2015-07-27 | 地方自治法と地方自治のはざまで

 県下自治体職員との研究会である。数えてみたら、全部で12回あり、今回は3回目である。テーマは、人口減少が著しい、県西地区および三浦半島地区を取り上げている。

 全体では、いまだに人口が伸びている神奈川県においても、これら地区は人口が減少している地域である。神奈川県もいずれは人口減少になるなかで、いわば他の地域の先進事例として、これら地域を取り上げ、こうした厳しい状況を少しでも緩和する方法を考えることになる。

 小さな自治体といえども、フルセットで何らかの担当がある。例えば、どんな小さな自治体でも、誰かが法制担当をやらないといけない。そこで法学部を出たというだけで、担当になってしまうし、下手をすると、若いから柔軟で、新しいことも頭に入るだろうということになって、法制担当になってしまう。

 もともと人員が少ないので、一人何役もやることになる。ますます人員削減が進むなか、一人が抱える役割は、増えるばかりである。法学部を出ても、地方自治の法務は、すぐできるわけはなく、法制執務に至っては、独自のマニアックな世界なので、大学の授業はほとんど役に立たない。

 ちなみにわがゼミの卒業生であるRisaは、神奈川県で唯一の村である清川村に入ったが、総務課に配属されたということで、一人で何役もやっているとのことである。地方自治のゼミを出たということで、ここに配属されたのだろうか。松下先生は、何を教えているのかと言われないように、がんばれRisa。閑話休題。

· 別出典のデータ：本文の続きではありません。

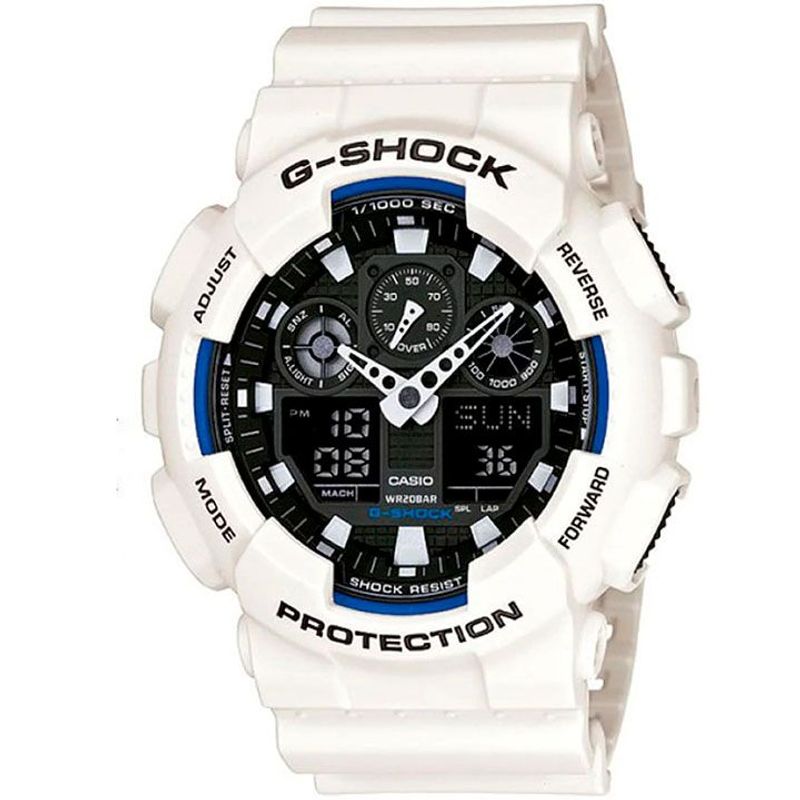 CASIO - Reloj Casio G-Shock GA-100B-7A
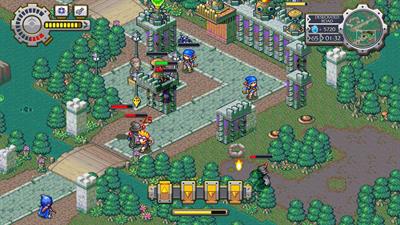 Lock's Quest - Screenshot - Gameplay Image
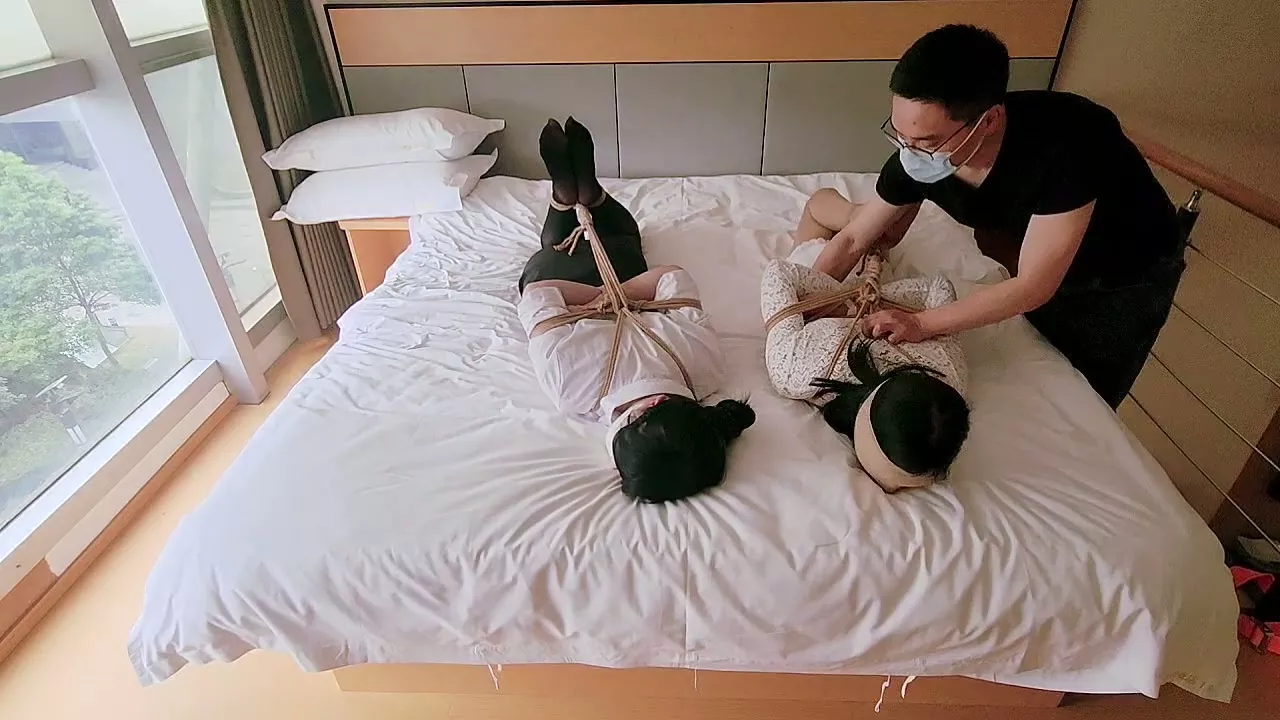 Screenshot 8 from Bu Yan: Revisit to a Familiar Hogtie Predicament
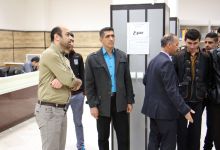 گزارش تصویری بازدید دانش آموزان پسر سال چهارم دوره دوم دبیرستان، از دانشگاه صنعتی شاهرود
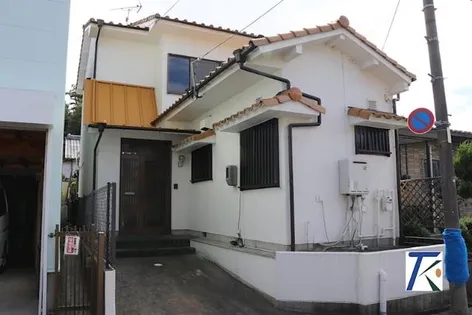 愛知県尾張旭市大塚町1丁目【一戸建】の外観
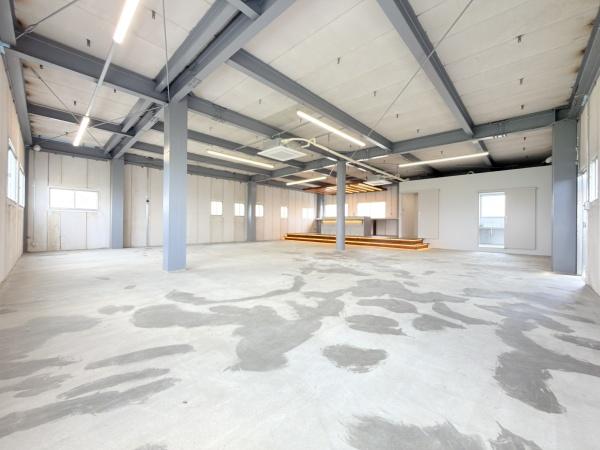 大和郡山市本庄町　工場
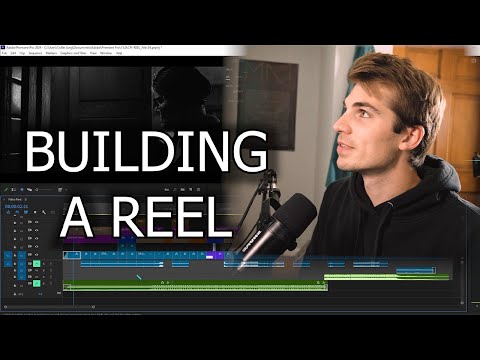Building a Cinematography Reel | Freelance DP
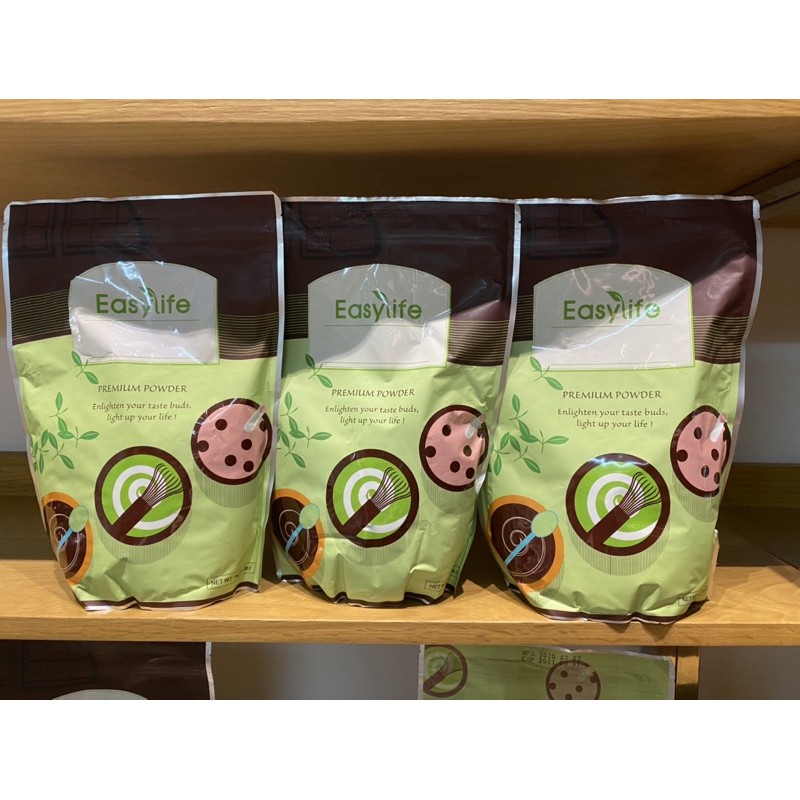 Bột Pudding ~ Flan Dâu / Khoai Môn / Trứng / SoCoLa EasyLife bao 1Kg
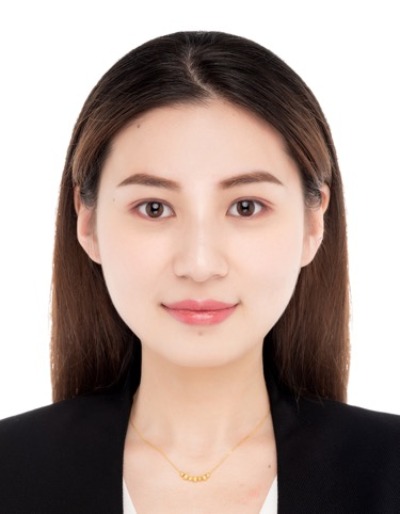 Portrait of Yuanyuan Pan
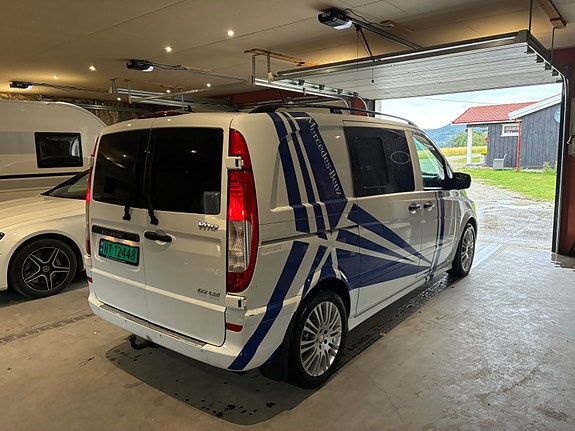 Mercedes-Benz Vito 122 4 of 20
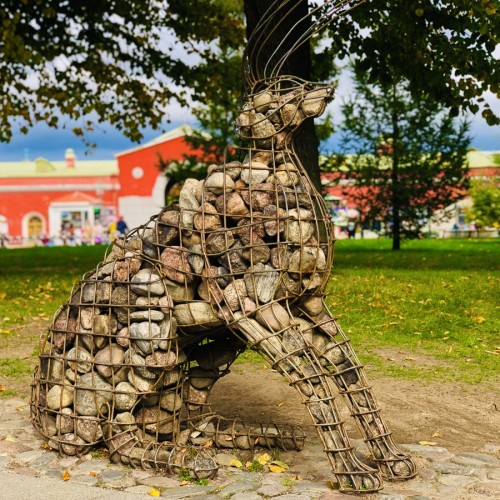 Тайны Заячьего острова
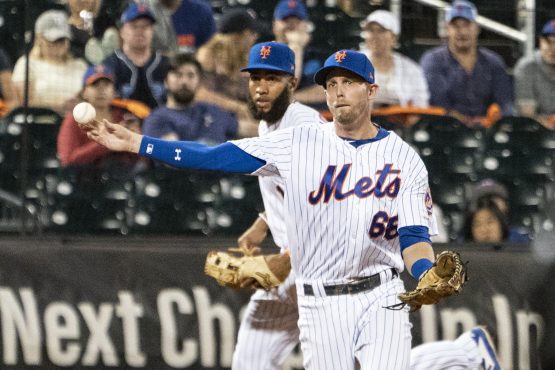 MLB: Miami Marlins at New York Mets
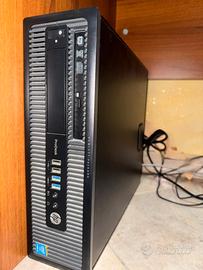 Computer fiso HP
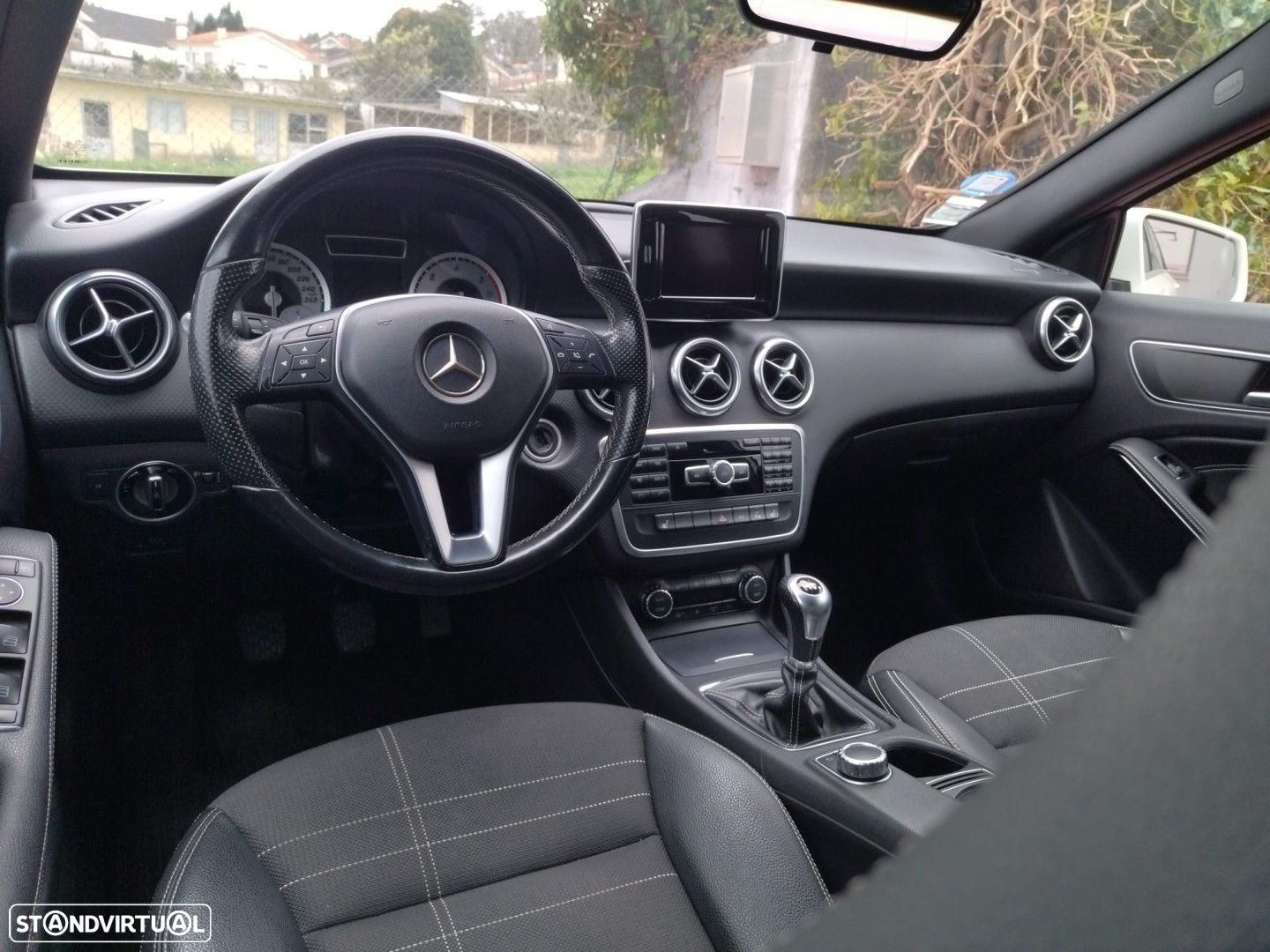 Mercedes-Benz A 180 CDi BE Style - 9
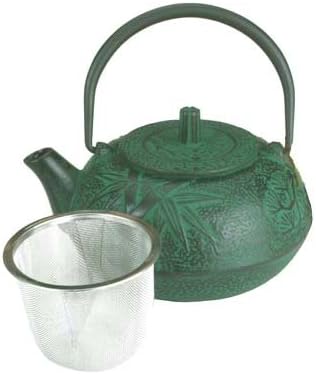 Kafu 18OZ TEAPOT, One Size, Green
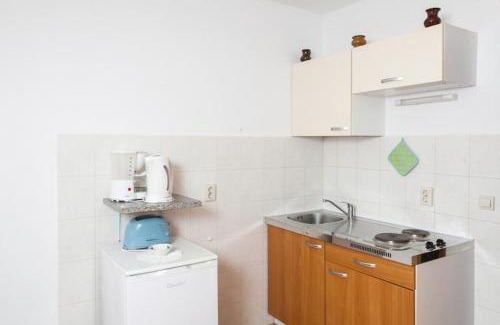 Lopud Island Apartment | Apartments Ana Lopud - Studio with Balcony and Sea View-2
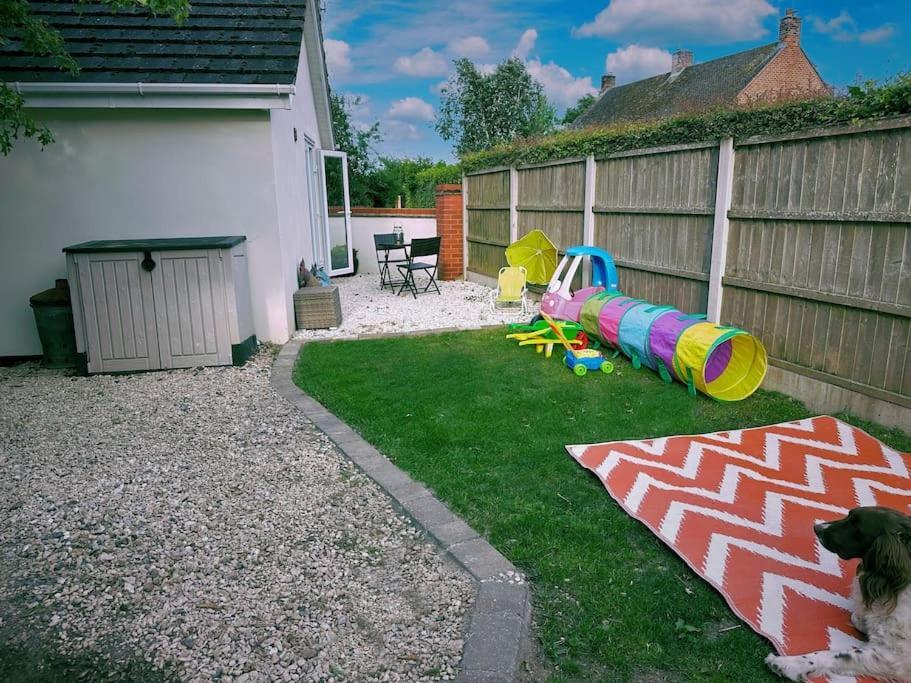 The Gaol House, Dog Friendly! Villa Kinlet Exterior foto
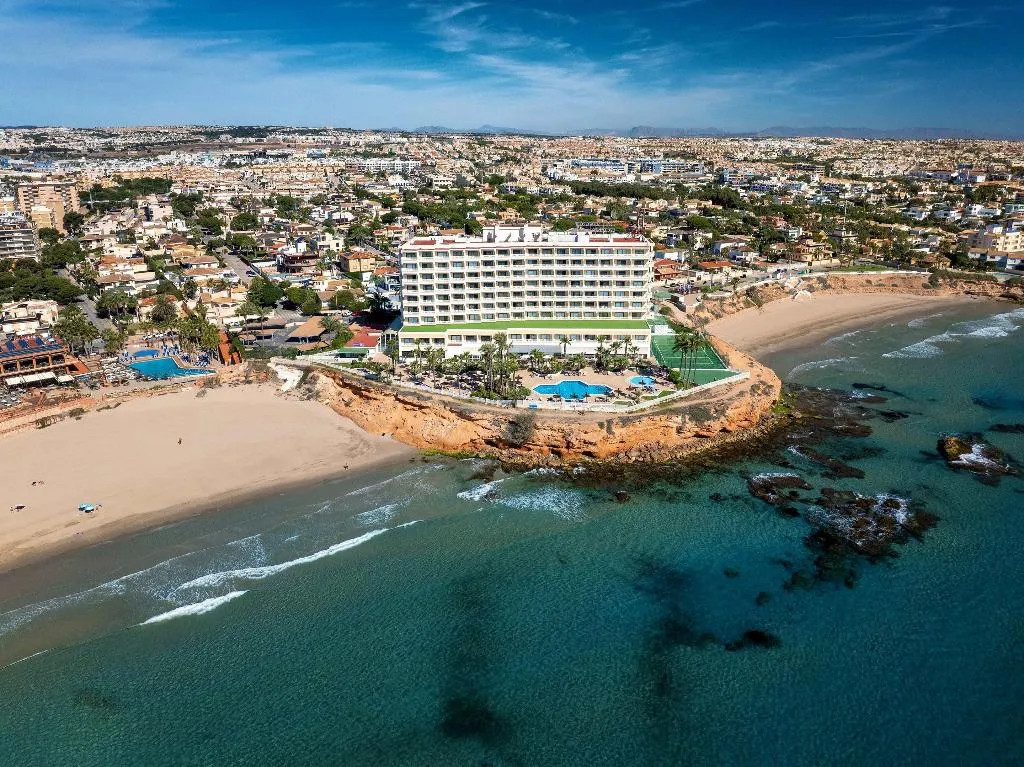 General view, Hotel Servigroup La Zenia, Costa Blanca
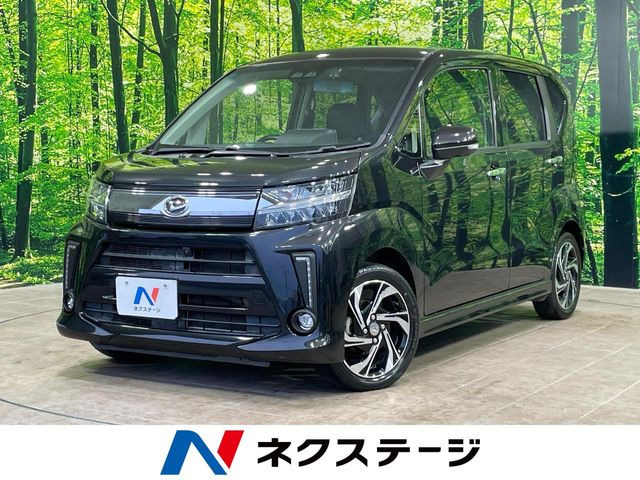 ダイハツ ムーヴカスタム 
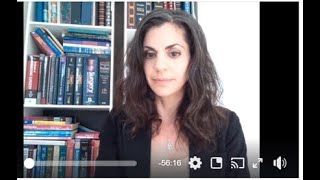 Facebook live video from May 6 2020 on Parathyroid disease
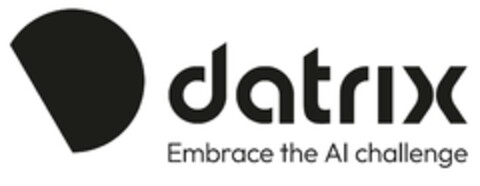 datrix Embrace the Al challenge Logo (EUIPO, 03/28/2024)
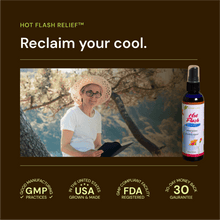 Load image into Gallery viewer, Hot Flash Relief
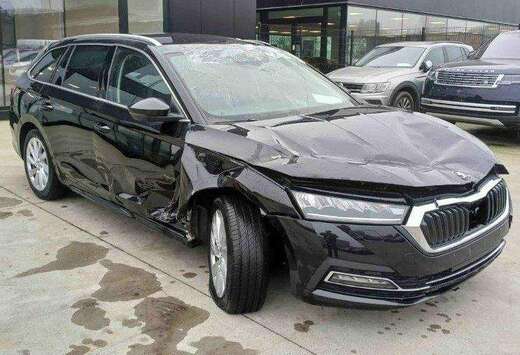 Skoda SW 1.0 TSI Ambition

 もし、この1人しかいない担当が、病気などでしばらく休んだらどうなるのか。他のセクションに移った前任者に手伝ってもらうそうだ。前任者は、現在の自分の仕事と前の担当だった仕事を一人二役でやることになる。長期にわたる休暇の場合は、兼務辞令まで出すようだ。当然残業になるが、その残業代をどちらの課で払うのか、課長同士の協議になる。

 要するに、小さな自治体がフルセットですべて持つというのは、もはや限界ということである。この研究会では、これを乗り越える方法を考えることになる。当面、ターゲットにしているのは、地方自治法で新たに採用された連携協約や事務の代替制度である。例えば、法制担当で言えば、5つの自治体が連携協約し、このうち法制担当を置くのは3自治体にして、この3人でグループ5自治体の法制を見るのである。3人いれば、相談も研鑽もできる。1人で全部やらないといけないというプレッシャーからも、免れることができるだろう。

 この日は、時間が取れたので、久しぶりに、研究終了後、みんなで大船に出て、大いにうだをあげることができた。